**WORK ORDER**
In your copy, drop the images and return each record exactly as it stands.

• • • • •

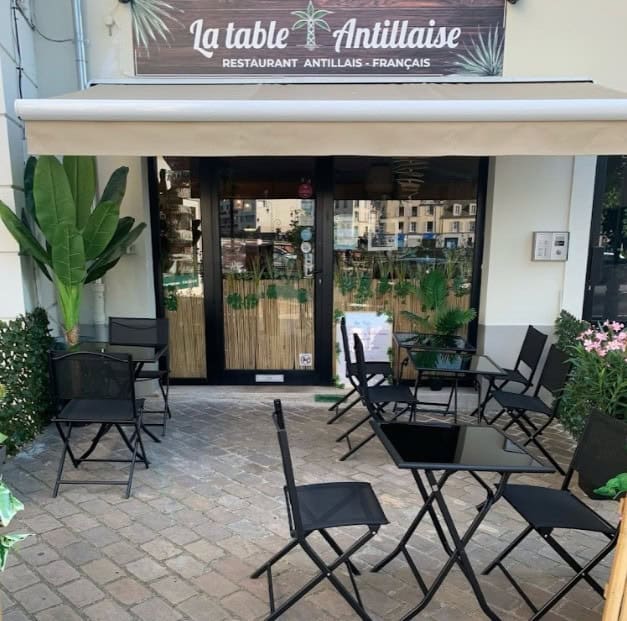 La Table Antillaise — photo 2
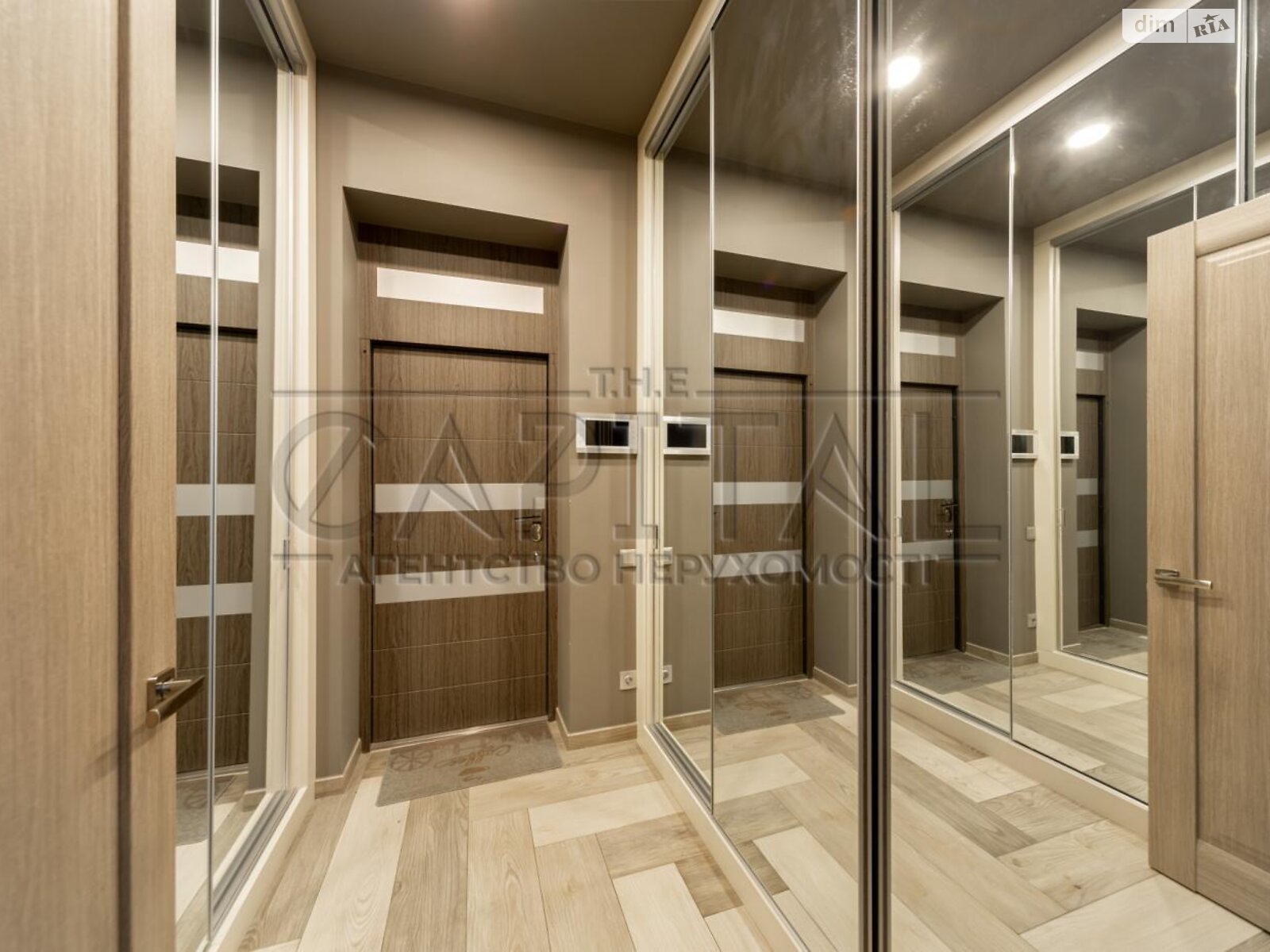 одноповерховий будинок з опаленням, 160 кв. м, цегла. Продаж у Дмитрівці фото 1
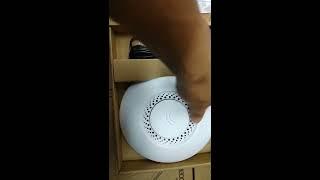 Unboxing Mikrotik RouterBoard cAP/RBcAP2nD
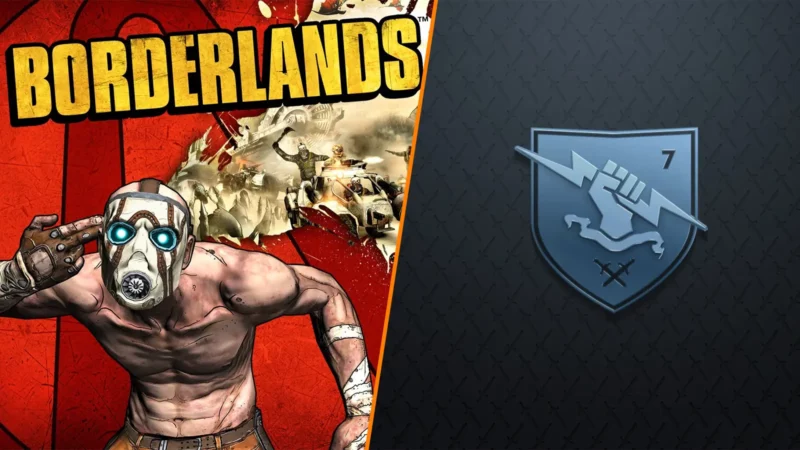 "On No Planet Is This Real": Bungie Borderlands Remake Rumor Dismissed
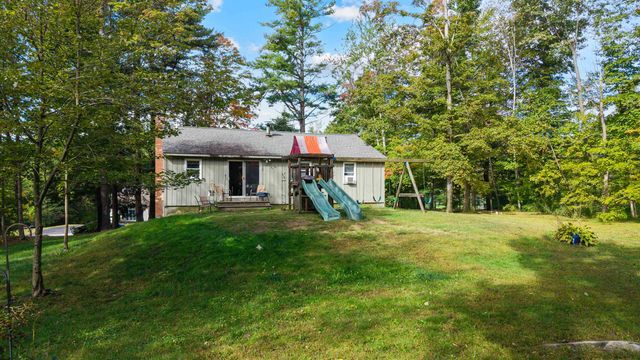 49 Adams Avenue, Greenville, NH 03048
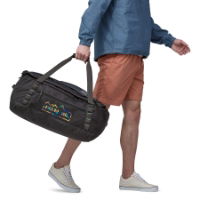 Patagonia Black Hole Duffel 55L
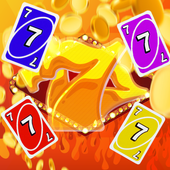 Four Colour Game icon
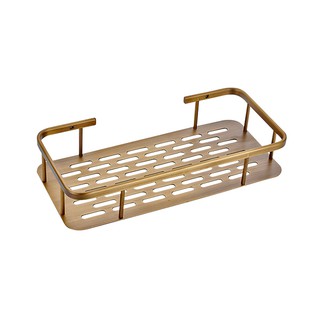 Kệ treo gốc bằng đồng thau kanly gck30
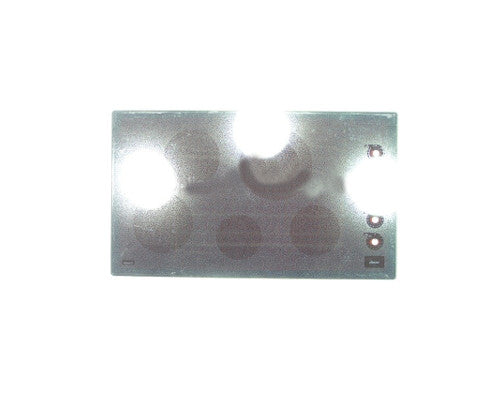 Dacor Asy,Frame/Panel,Opne - 13321BT
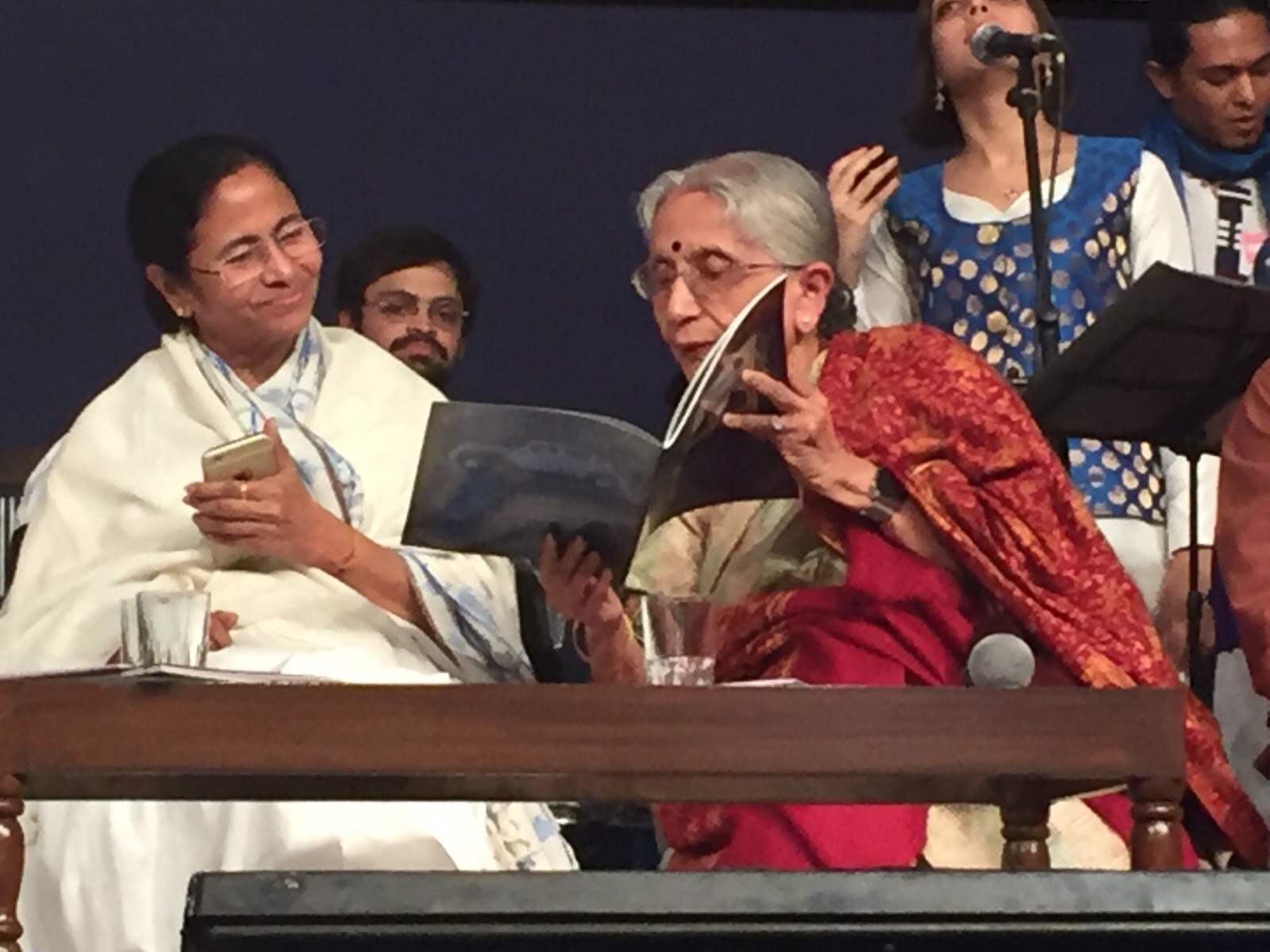 Truth about Netaji’s last days must come out: WB CM Truth about Netaji’s last days must come out: WB CM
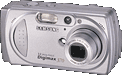 Samsung Digimax 370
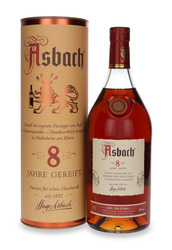 Asbach Privatbrand 8-letni / 40%/ 0,7l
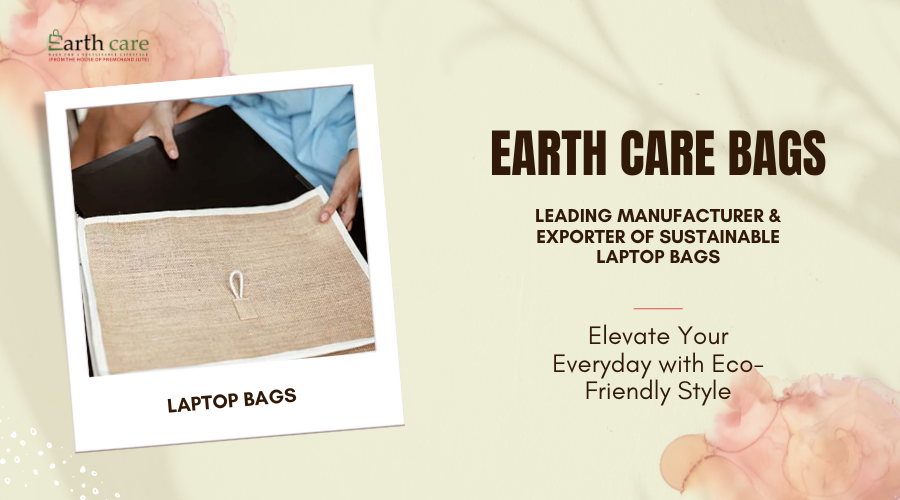 Earth Care Bags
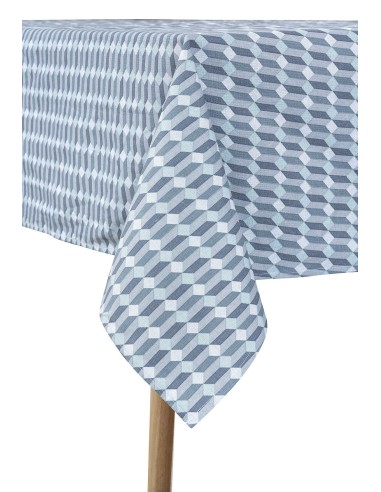 Beauty Home Τραπεζομάντηλο Master Art 8481 Εμπριμέ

• • • • •

**REPLY TO THE EXERCISE**
 La Table Antillaise — photo 2
 одноповерховий будинок з опаленням, 160 кв. м, цегла. Продаж у Дмитрівці фото 1
 Unboxing Mikrotik RouterBoard cAP/RBcAP2nD
 "On No Planet Is This Real": Bungie Borderlands Remake Rumor Dismissed
 49 Adams Avenue, Greenville, NH 03048
 Patagonia Black Hole Duffel 55L
 Four Colour Game icon
 Kệ treo gốc bằng đồng thau kanly gck30
 Dacor Asy,Frame/Panel,Opne - 13321BT
 Truth about Netaji’s last days must come out: WB CM Truth about Netaji’s last days must come out: WB CM
 Samsung Digimax 370
 Asbach Privatbrand 8-letni / 40%/ 0,7l
 Earth Care Bags
 Beauty Home Τραπεζομάντηλο Master Art 8481 Εμπριμέ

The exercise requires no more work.